In 1971, she arrived in Chicago to teach English but soon landed a position at Saint Xavier College in 1978.
From the time she began working at Saint Xavier, McNellis said she had a passion for interacting specifically with freshmen and transfer students who were new to the school.
She said she was always interested in developing extracurricular activities to bring such students into college life.
To that end, she observes, in her view, a positive shift at Saint Xavier and in higher education in general, from a more teacher-centered classroom to a more student-centered experience.
“It’s been exciting seeing the growth of residence life…it has brought a feel to the campus that wasn’t always there,” said McNellis, who notices a broader excitement and engagement on the part of today’s students.
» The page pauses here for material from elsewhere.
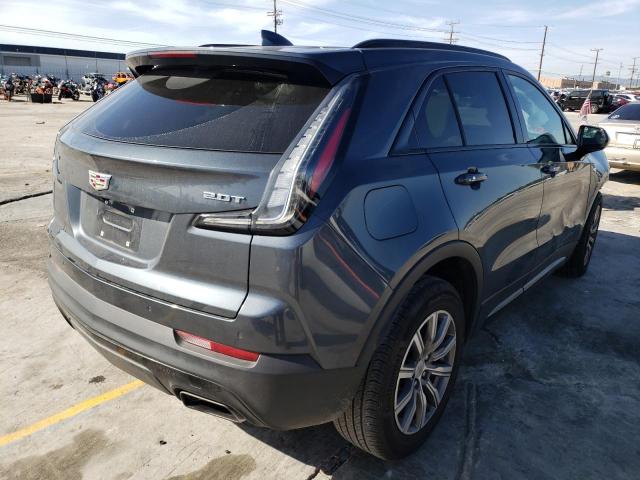 Photo 2 VIN: 1GYFZER4XKF207816 - CADILLAC XT4 SPORT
As a professor of communication, McNellis sees the growth of new communicative technologies as a major impetus of this increase in student engagement.
She recalled the initial arrival of a machine at Saint Xavier in the mid-1980’s called a computer. Although she admitted that many faculty members were hesitant to adopt this new piece of technology at the time, she herself “was open to [it].”

Since then, she said it has been “fascinating to watch how technology has impacted the learning process,” changing how students learn and professors teach.
Although she can remember a time before many of the technologies that are taken for granted today were developed, McNellis believes that teachers “need to accept new technology to be relevant to students’ needs.”
As she sat reflecting on her time at the university, McNellis recalled certain memorable moments.
She remembered her participation in an international conference held at SXU in 1997 entitled, “Children in the World: Exploring the Rights of the Child,” which was the first such conference to ever take place in the United States.

She said she enjoyed the conference’s “emphasis on collaborating with colleagues on things that you believe in.”
McNellis also recalled a funnier moment when she first began at Saint Xavier as a young doctoral candidate.
She would come in late to work on her dissertation and two of the senior faculty at the time, Dr. Hassan Haddad and Sister Denis O’Grady, would constantly check in on her to make sure she was ok.
Finally, around 11:00 p.m. one evening, Sister O’Grady told McNellis she was leaving for the night. She indeed left, but not without stationing a public safety worker outside McNellis’s door to make sure no intruders came. “They made him stand there until I was finished,” laughed McNellis.

On a more serious note, she spoke of the senior faculty at the time, like Haddad and O’Grady, as supportive and very inspirational.
Now, 35 years later, McNellis is a senior faculty member herself. She has four grown children and eight grandchildren, who she plans on spending even more time with after retirement.
Aside from continuing to occasionally volunteer and work in education (she plans to still teach a class each semester at Saint Xavier for the near future), she plans on enjoying bike riding and hiking.
McNellis praised Saint Xavier overall as being “a very close-knit and supportive family.” Despite officially leaving, she said, “I always will feel like SXU is home.”